[Start of Attachment]
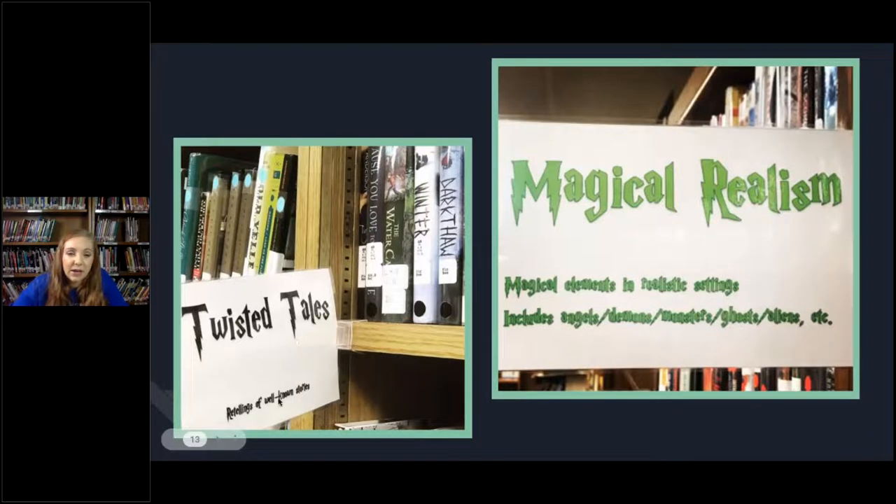Here's another section: twisted tales — retellings of well-known stories — and they've all got black stickers. That would include things like Cinder, or the Percy Jackson books, because they are partial retellings of mythology. And then I've got my magical realism here: magical elements in realistic settings, including angels, demons, monsters, ghosts, aliens, et cetera. It's kind of a broad theme — probably one of my bigger sections that I'm going to have to go back into and split again now that I have a bigger collection in that area.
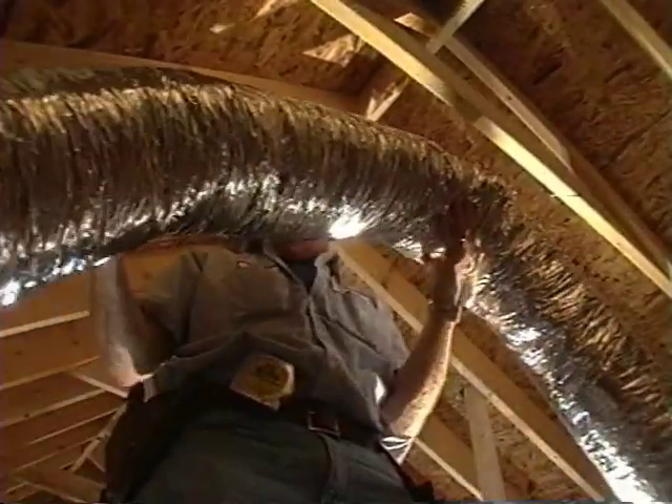So we find ductwork that looks sometimes like a pretzel, being squeezed to get through spaces. We have six-inch duct being squeezed through a two-by-four area — all these constrictions create problems.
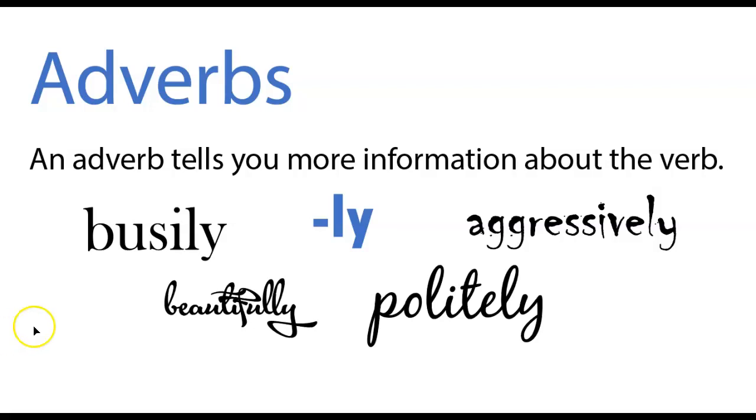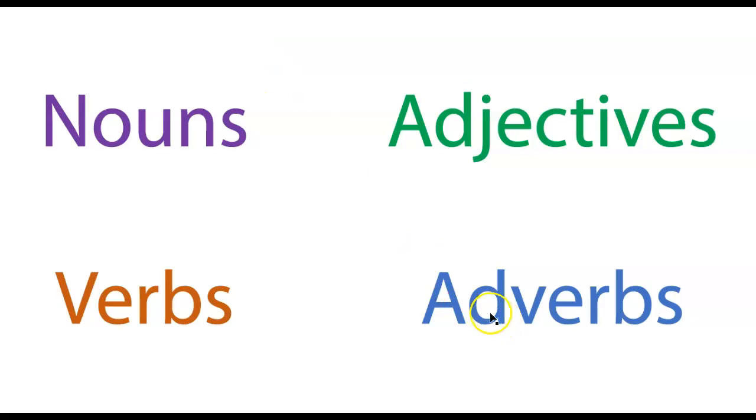As a review, adverbs — their primary role, the thing they do the most — is tell you more information about the verb. They usually end in -ly: busily, beautifully, all that stuff. So adverbs add more information to the verb, and we get that.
[End of Attachment]
> **TRY IT**:
Reproduce the listing exactly. Leave its pictures out.

> **YOUR SOLUTION**:
Here's another section: twisted tales — retellings of well-known stories — and they've all got black stickers. That would include things like Cinder, or the Percy Jackson books, because they are partial retellings of mythology. And then I've got my magical realism here: magical elements in realistic settings, including angels, demons, monsters, ghosts, aliens, et cetera. It's kind of a broad theme — probably one of my bigger sections that I'm going to have to go back into and split again now that I have a bigger collection in that area.
So we find ductwork that looks sometimes like a pretzel, being squeezed to get through spaces. We have six-inch duct being squeezed through a two-by-four area — all these constrictions create problems.
As a review, adverbs — their primary role, the thing they do the most — is tell you more information about the verb. They usually end in -ly: busily, beautifully, all that stuff. So adverbs add more information to the verb, and we get that.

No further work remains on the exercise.